De Stichting beheert het natuurgebied met slikken, platen en schorren, doorsneden met geulen, waar met vloed het water de zogenaamde ‘schorgeulen’ binnenstroomt, genaamd ‘Verdronken Land van Saeftinghe’. In dit natuurgebied worden vanuit het bezoekerscentrum aan de Emmaweg 4 te Nieuw Namen excursies georganiseerd door de Stichting.

2.2.
NN is de aansprakelijkheidsverzekeraar van de Stichting.

2.3.
[eiseres] is werkzaam bij de Stichting als schoonmaakster, medewerkster bezoekerscentrum en baliemedewerkster. Op 27 juni 2016 is haar tijdens het uitvoeren van werkzaamheden bij de Stichting een ongeval overkomen.
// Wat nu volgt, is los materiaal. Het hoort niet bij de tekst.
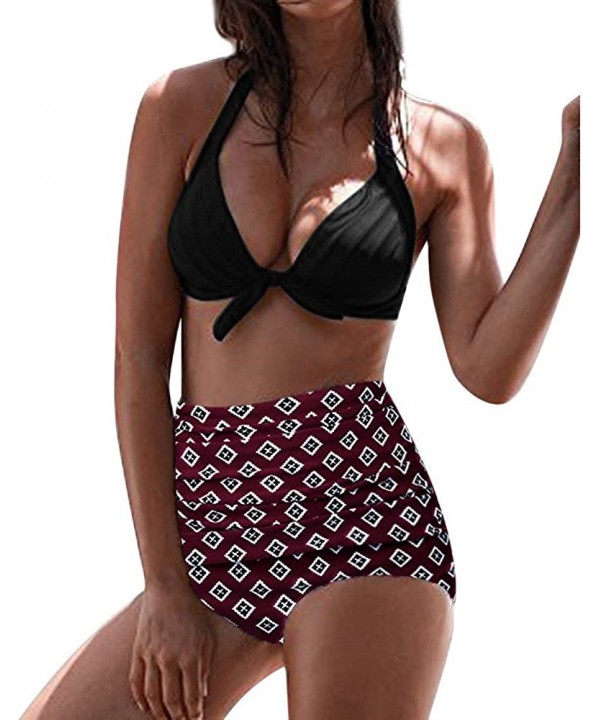 Women High Waist Bikinis Swimwear Swimuit Female Retro Beachewear Bikini Set - Winered -1 - CE18R0MTCD8 $12.55-Sets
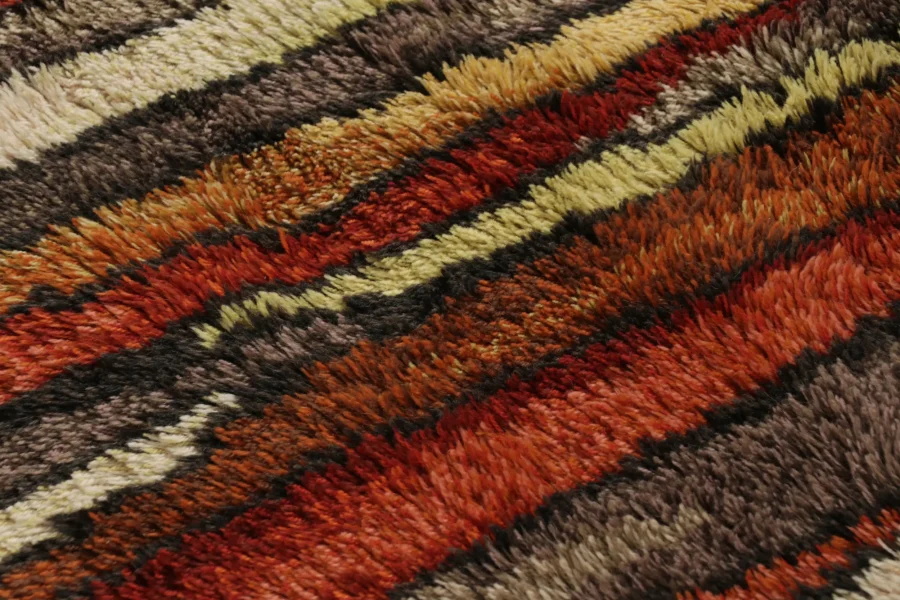 Vintage Swedish Geometric Rug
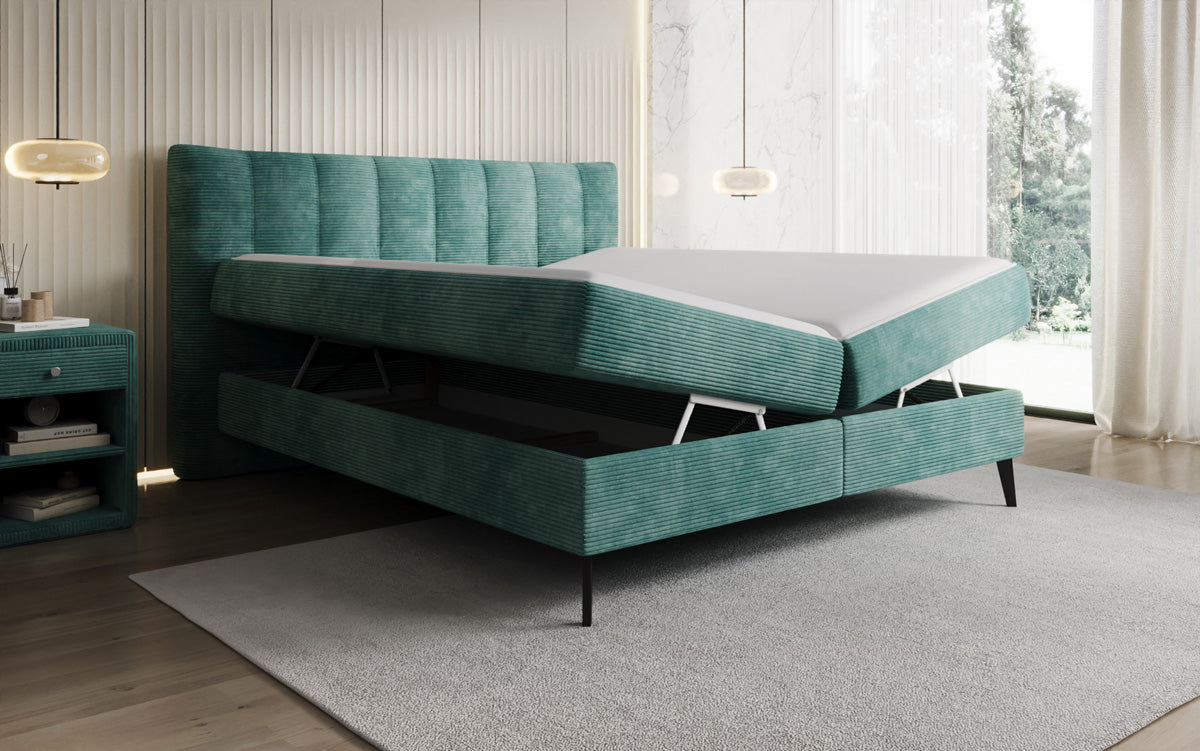 Boxspringbed Ines in Ribstof met opbergruimte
Zij is ten val gekomen bij het bezoekerscentrum toen zij heen en weer liep om circa 50 rugzakken van scholieren, die binnen opgeslagen waren tijdens hun excursie, naar buiten te verplaatsen.
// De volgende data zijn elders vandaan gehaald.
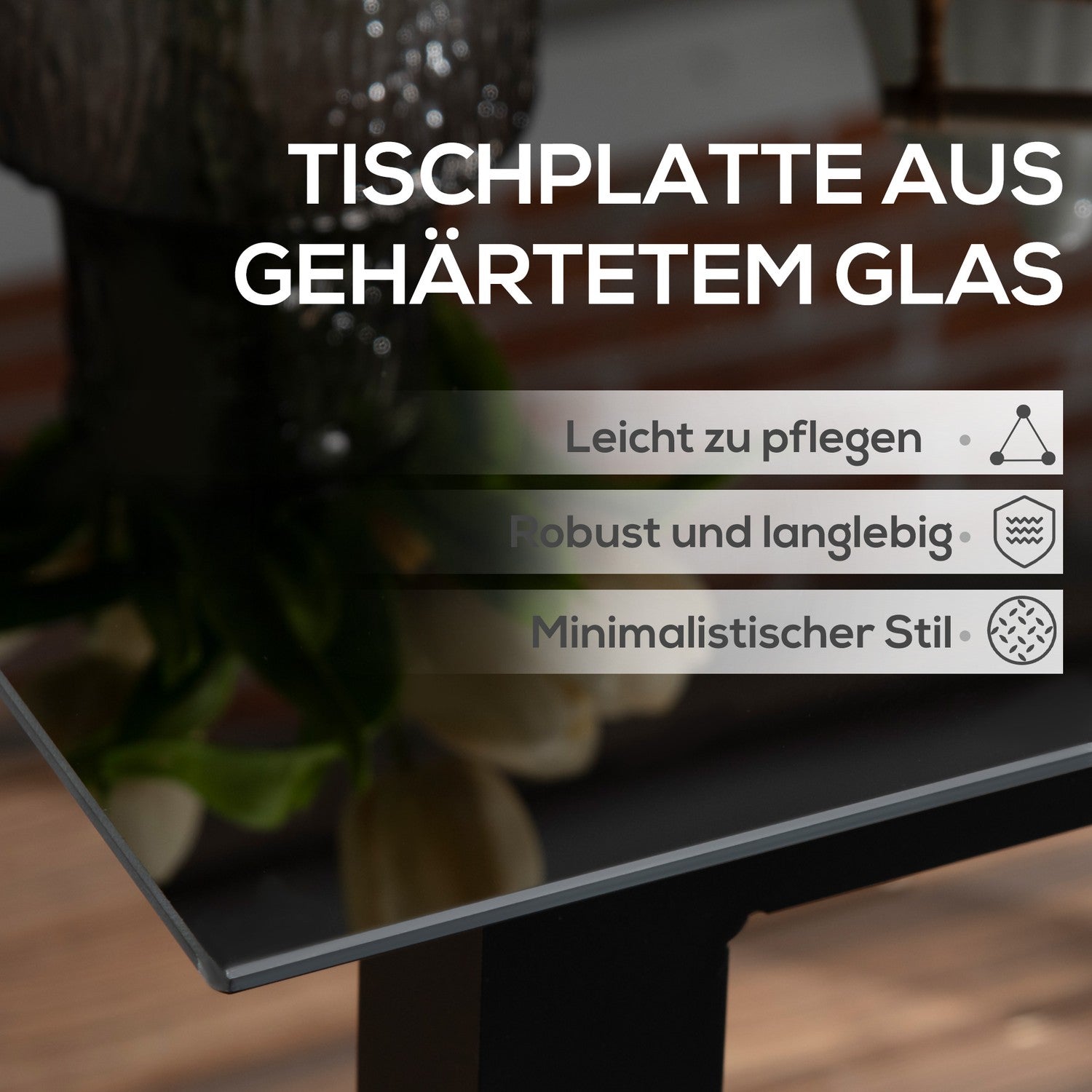 Fyrkantigt uteplatsbord i aluminium, skiva i härdat glas, säten 4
Als gevolg hiervan heeft [eiseres] letsel opgelopen, te weten een gebroken middenvoetsbeentje van haar linker voet.

2.4.
Bij brief van 21 december 2016 heeft [eiseres] de Stichting aansprakelijk gesteld voor de gevolgen van het ongeval.

2.5.
Op 6 februari 2017 heeft NN de aansprakelijkheid van de hand gewezen.

2.6.
Expertisebureau Cunningham Lindsey, thans Sedgwick, heeft in opdracht van NN een onderzoek ingesteld naar de toedracht van het ongeval en op 25 april 2018 daarvan een rapportage uitgebracht.

2.7.
NN heeft de aansprakelijkheid bij brief van 13 juni 2018 wederom van de hand gewezen.

3
Het geschil

3.1.
[eiseres] verzoekt, voor zover mogelijk uitvoerbaar bij voorraad:
I. te verklaren voor recht dat verweersters hoofdelijk aansprakelijk zijn jegens [eiseres] voor de door [eiseres] geleden en nog te lijden materiële en immateriële schade als gevolg van het haar op 27 juni 2016 overkomen ongeval;
II. te verklaren voor recht dat verweersters gehouden zijn tot vergoeding van de buitengerechtelijke kosten op grond van de tussen [eiseres] en haar advocaten gesloten overeenkomst. Dat wil zeggen dat verweersters in zowel het gerechtelijke als het buitengerechtelijke traject een uurtarief verschuldigd zijn van twee keer het uurtarief van de behandelende advocaat, voor zover het aantal bestede uren redelijk is;
III. de kosten ex artikel 1019aa Rv te begroten op een bedrag van € 17.114,24 en verweersters hoofdelijk te veroordelen in de kosten van dit geding, waaronder de advocaatkosten en het griffiegeld.

3.2.
[eiseres] stelt daartoe dat de Stichting als werkgever niet heeft voldaan aan haar zorgplicht en aansprakelijk is op grond van het bepaalde in artikel 7:658 BW. Het probleem met het droog en veilig opbergen van rugzakjes was bij de Stichting bekend en er waren meerdere acties mogelijk om een chaotische situatie zoals die zich voordeed op de dag van het ongeval te voorkomen, aldus [eiseres] . Zij stelt dat de Stichting niet heeft voldaan aan haar zorgplicht door geen van die acties te nemen. [eiseres] betwist dat valgevaar in de onderhavige situatie een algemeen bekend gevaar is en stelt voorts dat er geen sprake was van een alledaagse situatie.

3.3.
De Stichting voert verweer tegen de verzoeken en concludeert tot afwijzing daarvan. Zij stelt dat van hoofdelijke aansprakelijkheid geen sprake kan zijn. De Stichting voert daartoe aan dat sprake was van een algemeen bekend gevaar c.q. een alledaags risico, dat [eiseres] de situatie waardoor zij struikelde zelf in het leven heeft geroepen en dat van haar extra oplettendheid mocht worden verwacht aangezien zij zelf de rugzakjes buiten had gezet en had gezien dat de kinderen de rugzakjes hadden verplaatst. De kans op het struikelen over rondslingerende rugzakjes is volgens de Stichting niet groot nu er sprake was van een incidentele situatie, zodat geen extra maatregelen geboden zijn.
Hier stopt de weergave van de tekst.